→ What needs to be done: Only the text belongs in the copy: retype each record exactly as it appears.

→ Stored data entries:
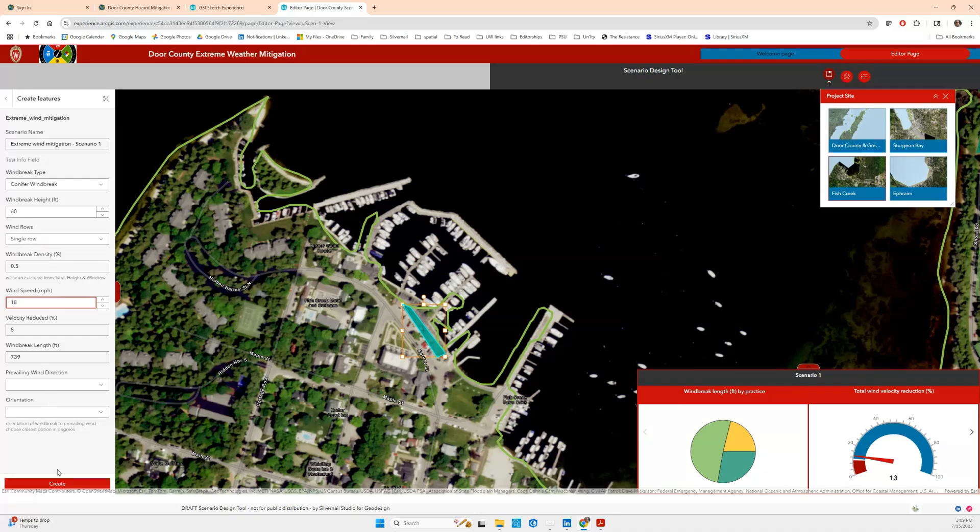The potential is a game changer. So if you have an idea for a set of landscape practices that can be drawn on a map and the knowledge to back the key performance indicators, then we can probably configure the scenario sketch experience for your project.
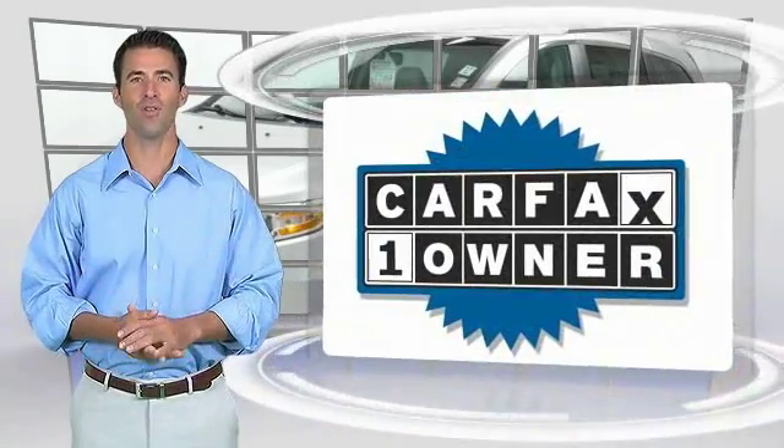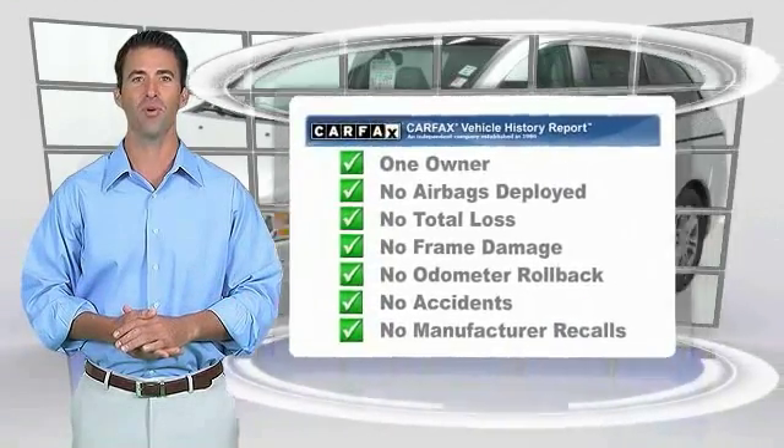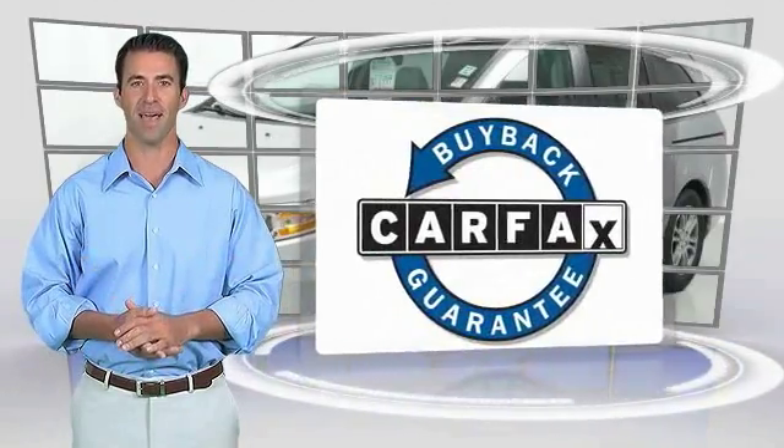This is a one-owner vehicle with the Carfax Vehicle History Report. Be sure to find a complimentary copy of this report online or contact the dealership. This vehicle qualifies for the Carfax Buy Back Guarantee.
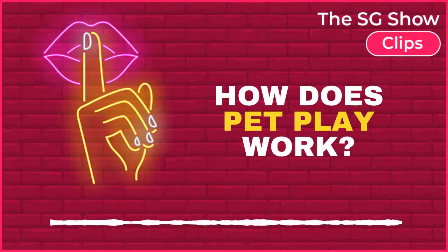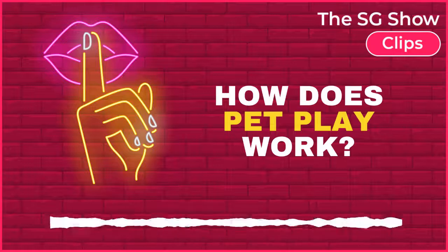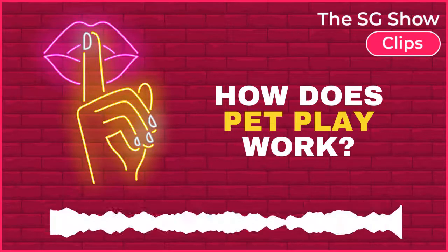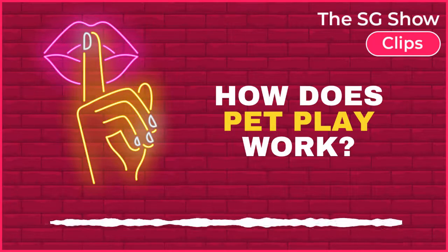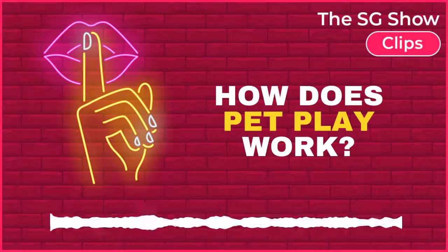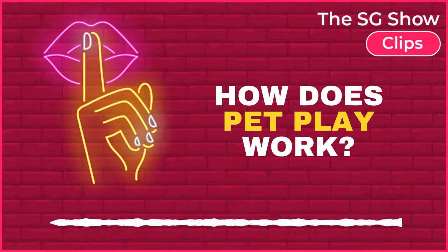Pet play is all about imitating the actions of an animal, whether you're crawling on all fours, being hand fed, wearing a collar, and so on. However, it takes a more in-depth approach where the submissive is totally encompassed in this animal persona.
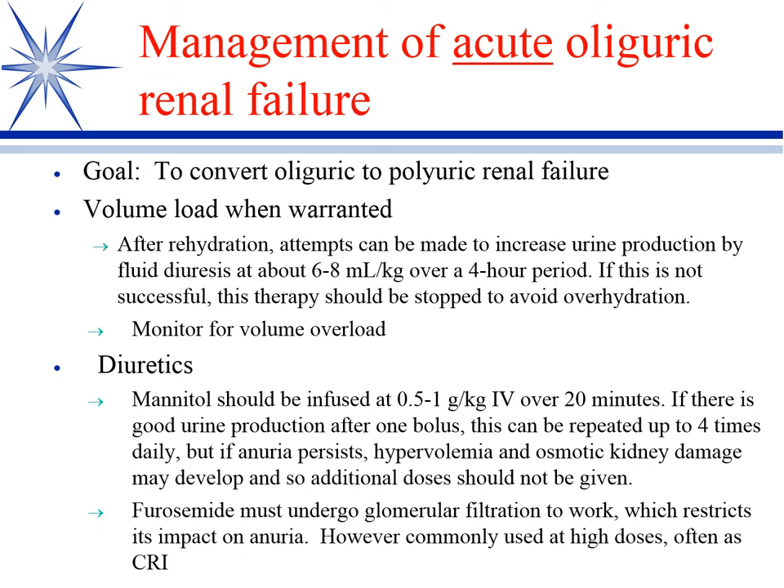People use a lot of furosemide in this. The efficacy is somewhat debatable. If you look at studies using just high-dose furosemide, it didn't work really all that well. Possibly CRIs may be more beneficial than intermittent IVs.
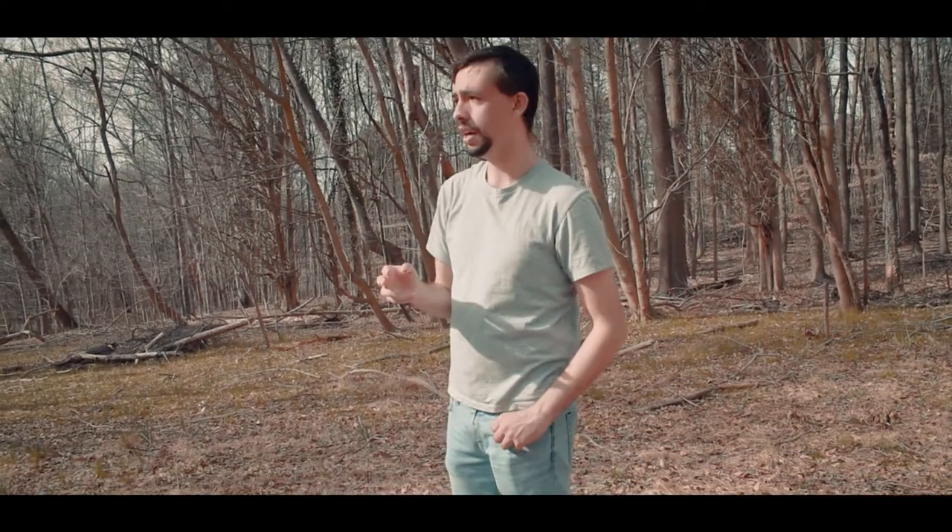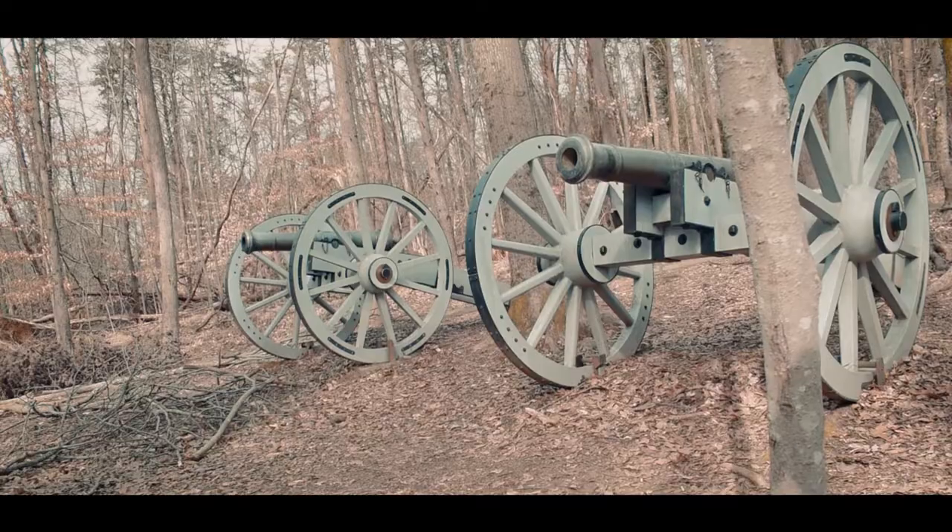Right now I'm going to do a spirit box session here at the location of the separate fighting. Can anyone say hello?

→ Answer:
The potential is a game changer. So if you have an idea for a set of landscape practices that can be drawn on a map and the knowledge to back the key performance indicators, then we can probably configure the scenario sketch experience for your project.
This is a one-owner vehicle with the Carfax Vehicle History Report. Be sure to find a complimentary copy of this report online or contact the dealership. This vehicle qualifies for the Carfax Buy Back Guarantee.
Pet play is all about imitating the actions of an animal, whether you're crawling on all fours, being hand fed, wearing a collar, and so on. However, it takes a more in-depth approach where the submissive is totally encompassed in this animal persona.
People use a lot of furosemide in this. The efficacy is somewhat debatable. If you look at studies using just high-dose furosemide, it didn't work really all that well. Possibly CRIs may be more beneficial than intermittent IVs.
Right now I'm going to do a spirit box session here at the location of the separate fighting. Can anyone say hello?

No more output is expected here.